5. Köşe yazarı övücü değil, eleştiren kişi olmalıdır. İktidarların önünde boyun eğmemeli, eğilip bükülmemelidir.
6. Köşe yazarı inançlı ve yürekli olmalıdır. Yürekli olmayan eleştiremez. Belli konuları gündeme getiremez ve yazamaz.
7. Köşe yazarı hep aynı çizgide olmalıdır. Dün savunduğu fikirleri bugün de aynen savunmalı ve arkasında durmalıdır. Bir gün savunduklarının ertesi gün tam aksini savunan köşe yazarı değildir.
8. Köşe yazarı beleş gezilere ve yemeklere davetli olarak katılmaktan kaçınmalıdır. Özellikle de bu tür davetleri daha sonra yazmak bir köşe yazarının işi değildir.

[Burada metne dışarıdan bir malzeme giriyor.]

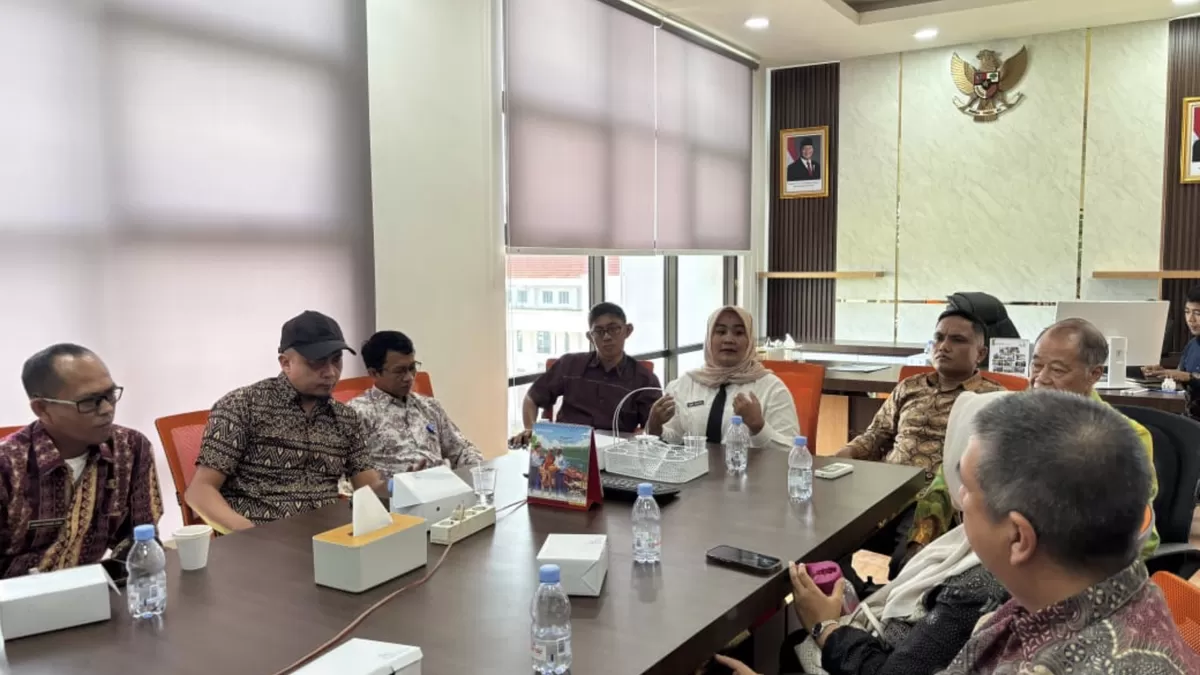 43 OPD Pemprov Kepri Tuntaskan Bimtek e-Monev KIP 2026, Komitmen Pimpinan Jadi Kunci Raih Predikat Informatif (Humas Diskominfo Kepri.)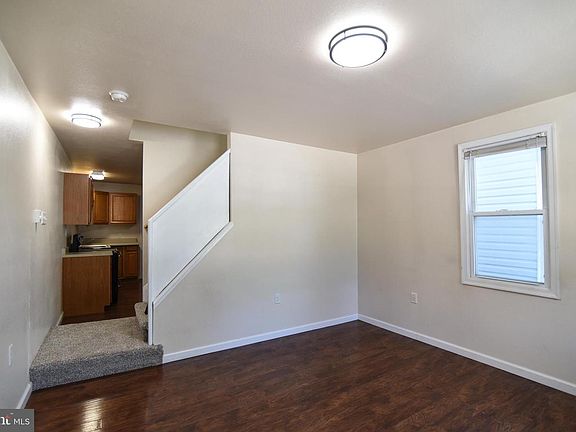 5th image of 325 W 4th St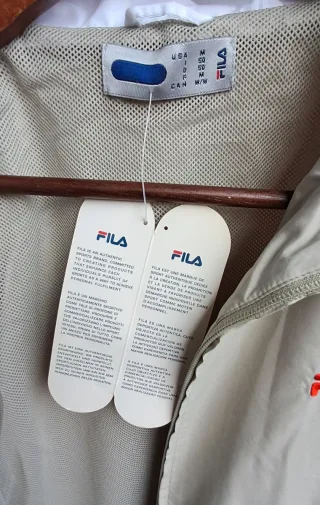 Tuta sportiva Fila grigio chiaro e rossa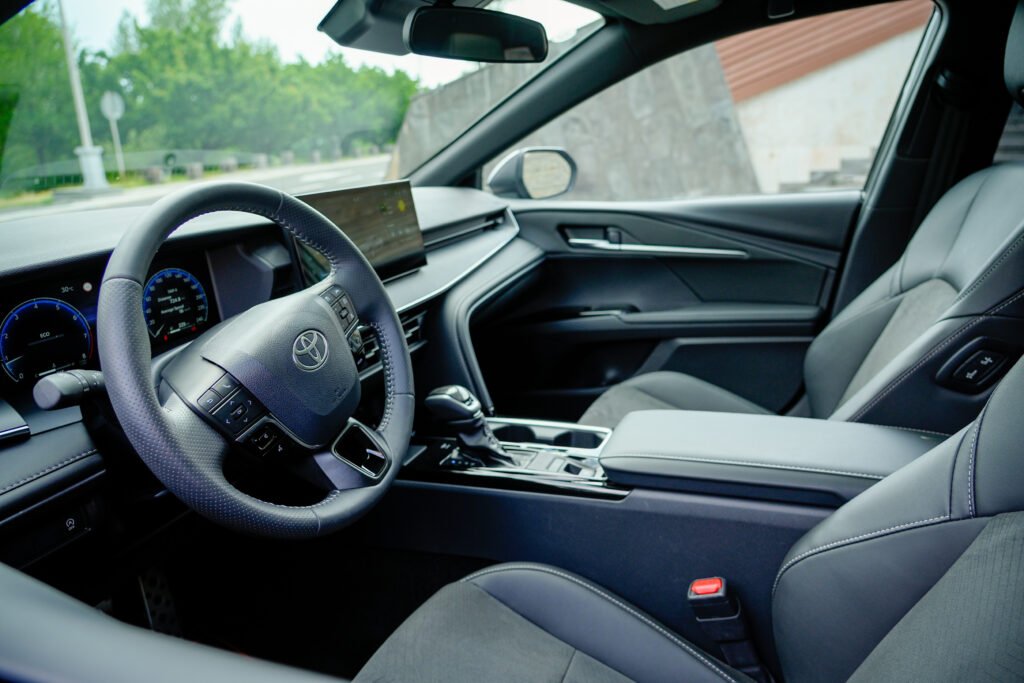 Toyota Camry 2024 — լուսանկար 5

9. Köşe yazarı ulusunun çıkarları doğrultusunda yazmalıdır.
10. Köşe yazarı kendini ağırlayan firmaların reklamını yapmamalıdır. Özel yaşamını da okurlarına aktarmak zorunda değildir.
Tüm bu kriterler tartışmasız doğrudur. Bu maddelere ek olarak ben de bir madde ile kendi yorumumu yapmak isterim. Bu madde de aslında çok duyduğumuz, ama nedense pek de uygulanmayan bir maddedir. Köşe yazarı bilgi sahibi olmadan fikir sahibi de olmamalıdır. Ne yazık ki bugün amatör, profesyonel pek çok köşe yazarının hemen her konu da bir fikri vardır. Ama nedense o konu da net bir bilgiye sahip değildir. Bu durumda olan ne çok yazar var bugün medyada. Şöyle bir bakın, oluşan fikirler çoklukla dayanaksız ve savrukçadır. Öncelikle iğneyi kendimize batırmalıyız. Yazdığımızın arkasında donamımızla duramadıkça, yazılar havaya yazılır. Medyada tüm kriterlere uyan köşe yazarlarının çok olduğu günlerde buluşana dek, hepinize esenlik dolu günler dilerim.